ENTRIES SUPPLIED →
··········

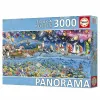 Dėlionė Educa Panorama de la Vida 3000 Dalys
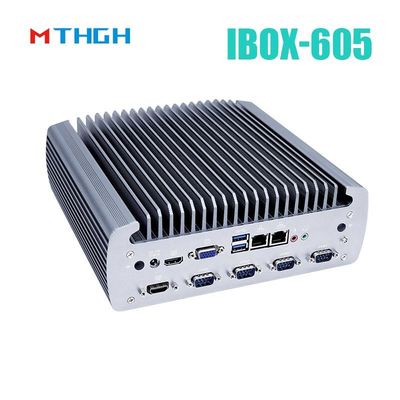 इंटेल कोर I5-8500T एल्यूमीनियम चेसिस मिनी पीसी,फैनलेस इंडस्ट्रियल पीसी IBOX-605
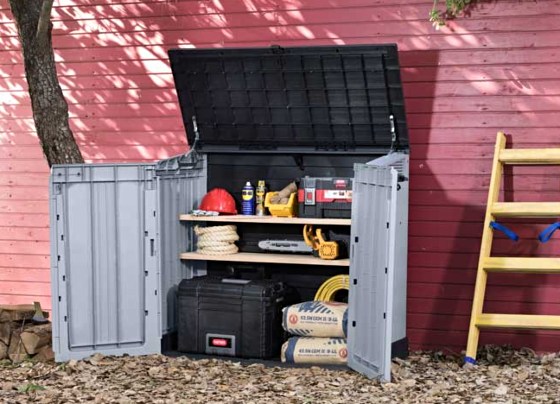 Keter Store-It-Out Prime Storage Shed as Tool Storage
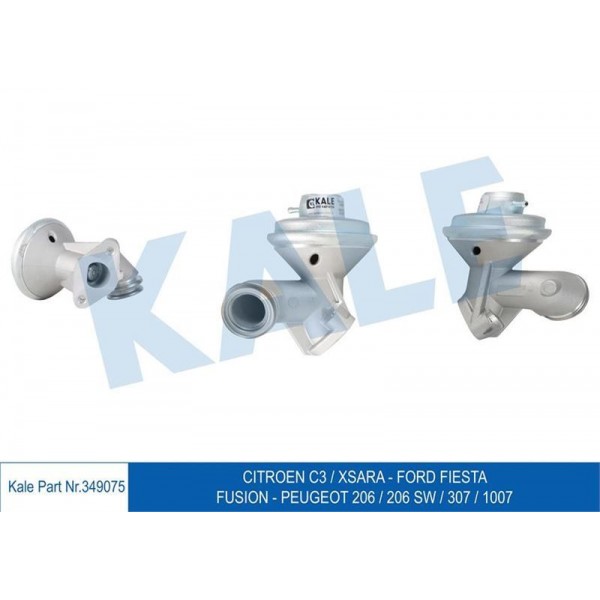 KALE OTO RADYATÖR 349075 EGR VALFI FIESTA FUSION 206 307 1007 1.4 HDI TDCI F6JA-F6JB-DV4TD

··········

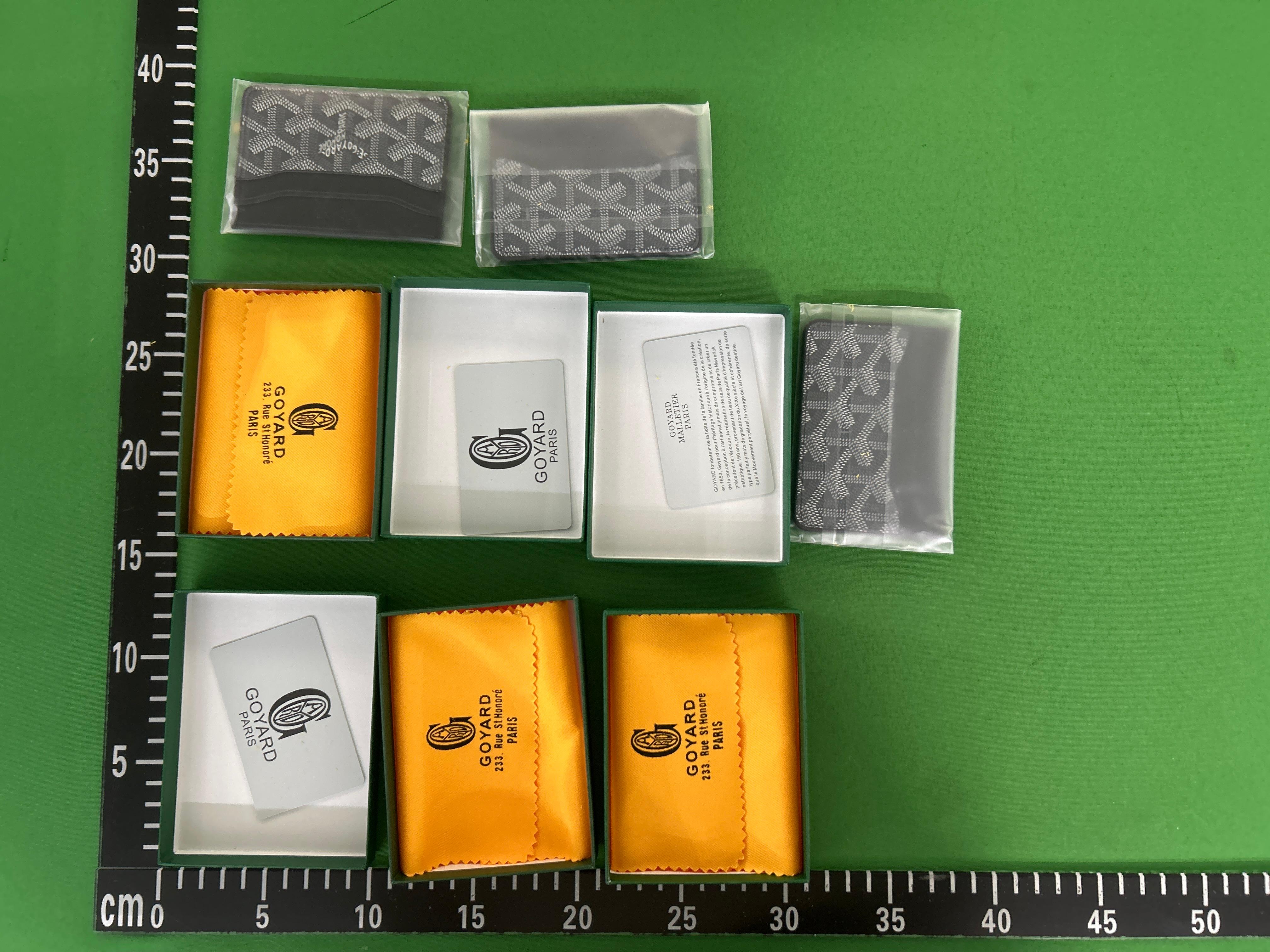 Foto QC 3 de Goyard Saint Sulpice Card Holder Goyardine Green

··········

WORK TO BE COMPLETED → Return exactly the stretch above whose first line contains "Dėlionė Educa Panorama de la Vida 3000 Dalys" and whose last line contains "KALE OTO RADYATÖR", and nothing outside it. The pictures should not appear.

ANSWER TO THIS EXERCISE →
 Dėlionė Educa Panorama de la Vida 3000 Dalys
 इंटेल कोर I5-8500T एल्यूमीनियम चेसिस मिनी पीसी,फैनलेस इंडस्ट्रियल पीसी IBOX-605
 Keter Store-It-Out Prime Storage Shed as Tool Storage
 KALE OTO RADYATÖR 349075 EGR VALFI FIESTA FUSION 206 307 1007 1.4 HDI TDCI F6JA-F6JB-DV4TD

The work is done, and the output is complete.